The U.S. Supreme Court in Washington is seen June 7, 2017. Religious liberty advocates were pleased with the U.S. Supreme Court’s June 26 order to send Arlene’s Flowers v. State of Washington and Arlene’s Flowers v. Ingersoll back to the lower court for review. -CNS photo | Tyler Orsburn
By Catholic News Service
WASHINGTON (CNS) — Religious liberty advocates were pleased with the U.S. Supreme Court’s June 26 order to send Arlene’s Flowers v. State of Washington and Arlene’s Flowers v. Ingersoll back to the lower court for review.
Barronelle Stutzman, the owner of Arlene’s Flowers in Richland, Washington, declined a customer’s request to make custom floral arrangements for a same-sex wedding. She cited her belief against such marriages as a Southern Baptist.
The Washington Supreme Court ruled that she could be forced to make the floral arrangements, but the Supreme Court’s order removed the judgment against her and told the Washington Supreme Court to review the case in light of Masterpiece Cakeshop v. Colorado Civil Rights Commission.
“We are pleased that the high court has reaffirmed the importance of governmental respect for the religious freedom of Barronelle Stutzman, consistent with its recent decision in favor of Jack Phillips,” said Joan Mannix, special counsel for the Thomas More Society, a national nonprofit law firm dedicated to causes related to life, the family and religious liberty.
Phillips, owner of Masterpiece Cakeshop in Colorado, is the baker who refused to make a custom cake for the wedding reception of a same-sex couple. He said his religious beliefs would not allow him to create a cake honoring their marriage. The case put anti-discrimination laws up against freedom of speech and freedom of religious expression.
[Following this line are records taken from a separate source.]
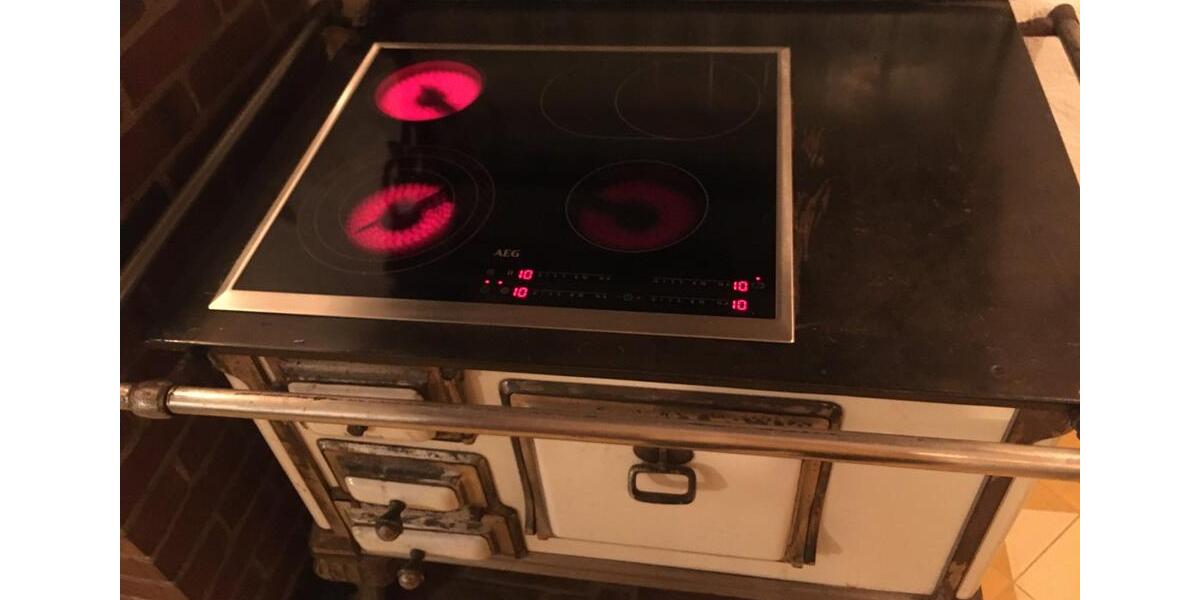 Etagenwohnung Sankt Wendel - 4 Zimmer, 130 m&sup2;, 1.625&euro; | Angebot:25872486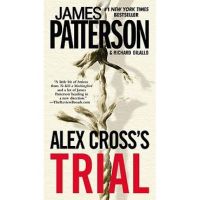 Alex Cross's TRIAL (Large Print Edition) - James Patterson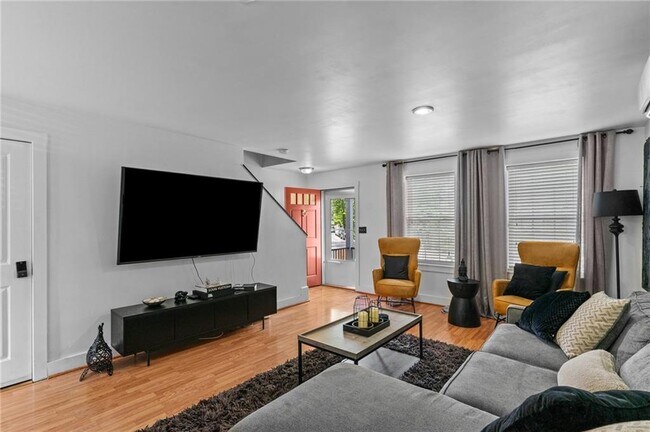 Foto del edificio - 18 Bridgham St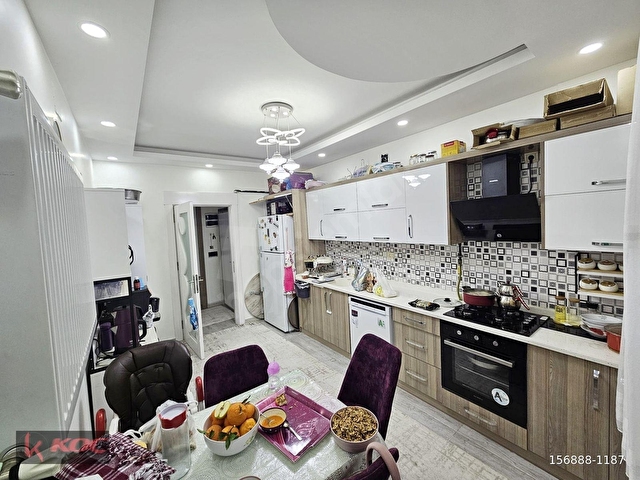 Şehitkamil Alpaslan Satılık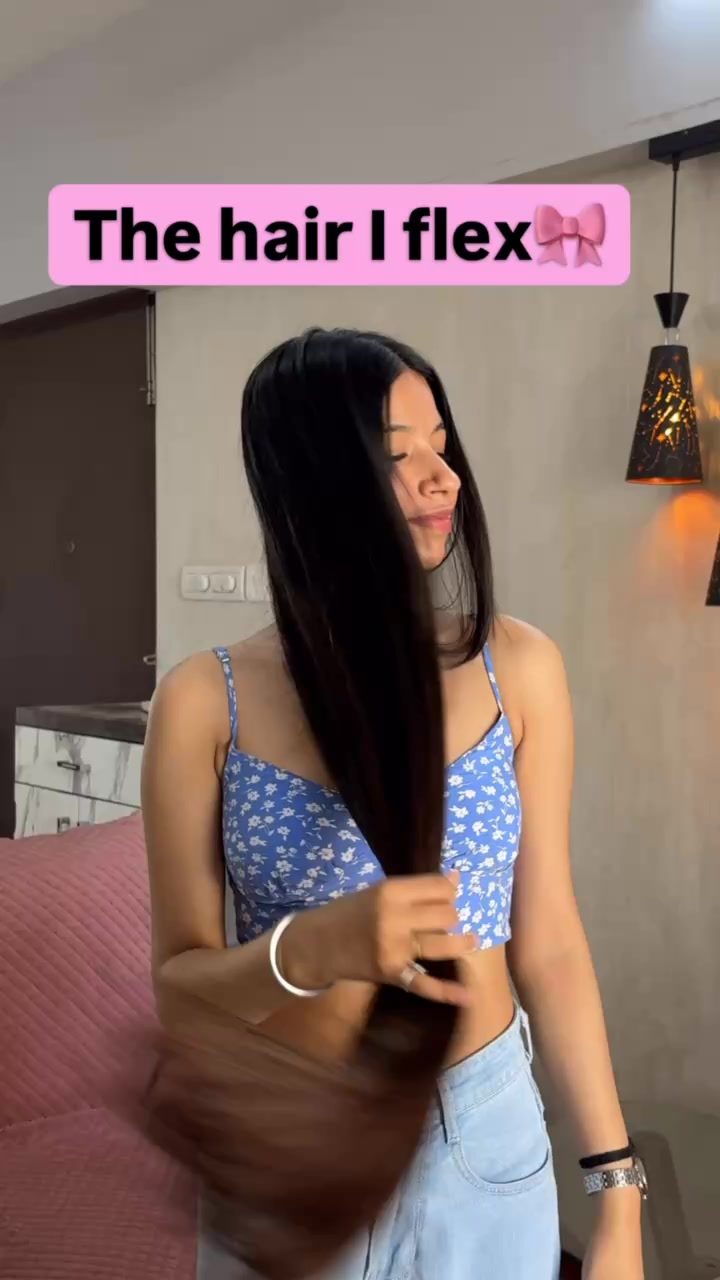Be Bodywise ad. Angle: The most delicious solution for hair fall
“The high court has always supported the idea that an artist’s self-expression is protected,” Mannix added in her statement about Arlene’s Flowers.
“Barronelle Stutzman’s custom floral arrangements are designed to deliver an expressive message, consistent with the personalities of the couple, approving of and celebrating their marriage, and are therefore entitled to First Amendment protection,” she continued.
“The high court’s decision in favor of this small-town florist reaffirms the high court’s commitment to the protection of First Amendment freedoms including the freedom of speech and the free exercise of religion,” she said.
The Thomas More Society submitted a friend-of-the-court brief that emphasized precedent in which both the Supreme Court and the Court of Appeals have recognized that the First Amendment protects artistic expression, including nonverbal art forms.
Washington Attorney General Bob Ferguson and the American Civil Liberties Union sued Stutzman after she declined to design the floral arrangements for customer Rob Ingersoll’s same-sex wedding.
The florist has repeatedly said Ingersoll was a longtime customer. She knew he was gay and had never denied him service on other occasions, but when he requested arrangements for his wedding, she referred him to other florists.
In 2015, the trial court found that Stutzman violated the Washington Law Against Discrimination and the Washington Consumer Protection Act. According to news reports, she was ordered to pay a $1,000 fine, actual damages in an undetermined amount, and attorneys’ fees and costs reportedly totaling hundreds of thousands of dollars.
In the Masterpiece Cakeshop case, the Supreme Court handed down a 7-2 decision June 4 siding with a Phillips.
Justice Anthony M. Kennedy, writing for the majority, said the Colorado Civil Rights Commission had violated the Constitution’s protection of religious freedom in its ruling against the baker, who refused to make a wedding cake for the same-sex couple based on his religious beliefs.
Phillips did not refuse service to the same-sex couple; he just said he would not make them a wedding cake. He also has turned down requests to make cakes celebrating divorce or Halloween.